Category: Blogs

Meet The Cast of Barefoot in the Park: Andrew Tebo

Summer is far from over at the LDTC! Barefoot in the Park opens Aug. 30. We caught up with Andrew Tebo who has been seen in several LDTC productions including 1940’s Radio Hour & You’re a Good Man Charlie Brown. Here’s a little about Andrew’s take on his character the Telephone Man and his thoughts about the show.

Can you tell us about your character? I play the telephone repairman. He goes up huffing and puffing, to Corie and Paul’s new apartment in an attempt to fix their phone. He’s a true New Yorker and a fly on the wall to their marital discord.

What does Barefoot in the Park mean to you? Barefoot in the Park is a show full of heart and laughs.

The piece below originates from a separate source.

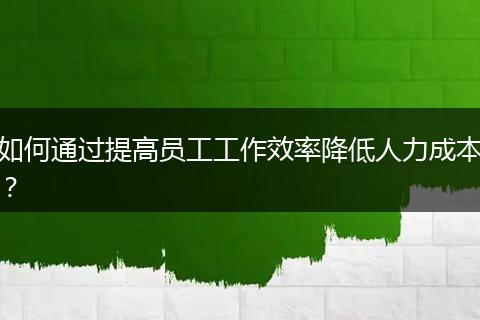 如何通过提高员工工作效率降低人力成本？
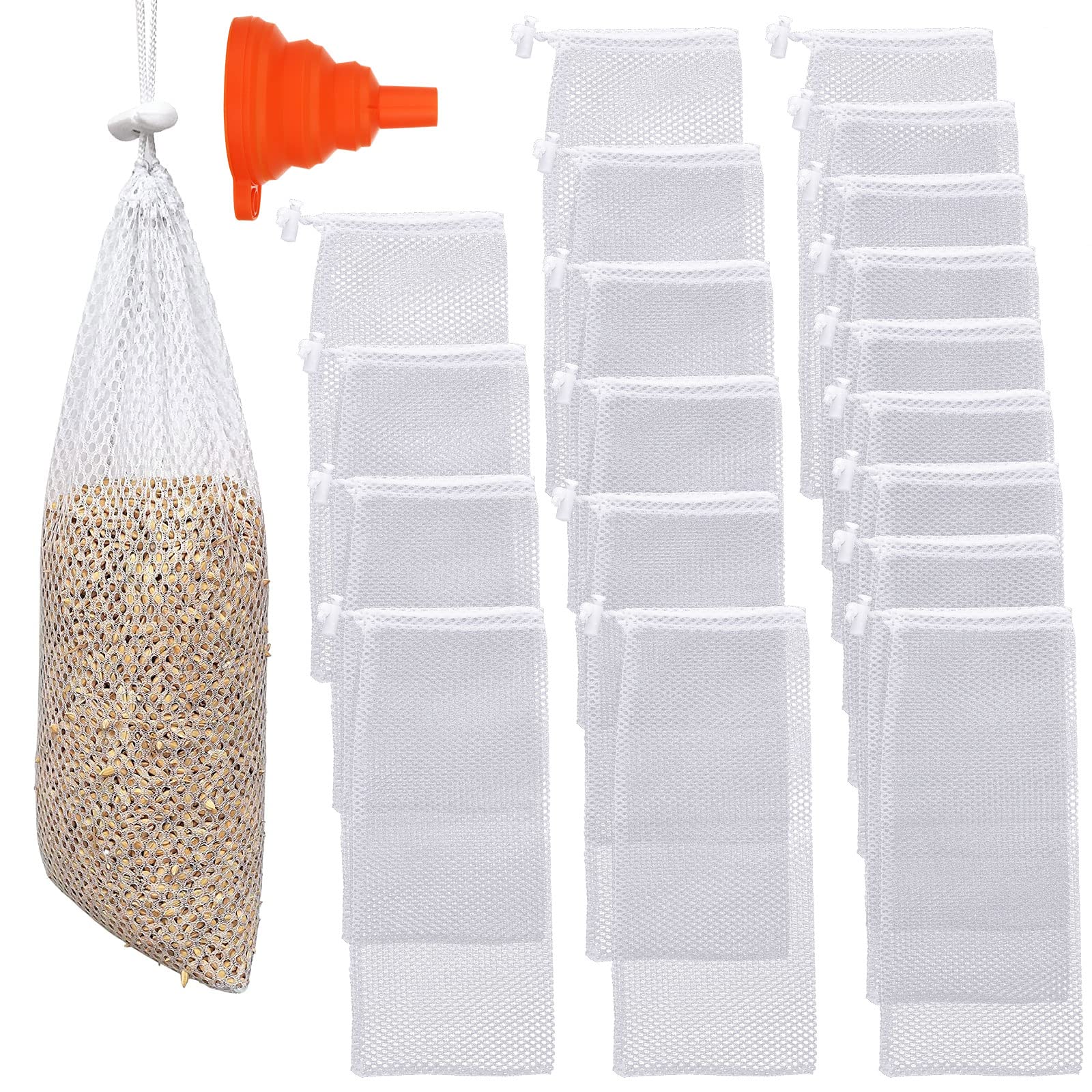 Finch Socks 20PCS Thistle Socks for Finches Bird Thistle Sock with Foldable Food Funnel, Finch Sock Feeder for Thistle Seed 4.7X 11.2 Inches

One of Neil Simons most witful written pieces.

What can audiences expect when they come to Barefoot in the Park? The LDTC Audiences should be ready to smile from ear to ear watching a quirky newlywed couple settle into their new home, six stories up from the busy New York streets.

What is the most challenging part of Barefoot in the Park? The most challenging part of Barefoot in the Park is the expectations that come with being in a Neil Simon play. It’s a high standard of comedy that takes precision.

What is the most exciting part of Barefoot in the Park? The most exciting part about Barefoot in the Park is being in a Neil Simon play! He’s a literary genius. I’m so stoked to be bringing his words to life! This is a bucket list show for me and I’m excited to be part of it right here at LDTC.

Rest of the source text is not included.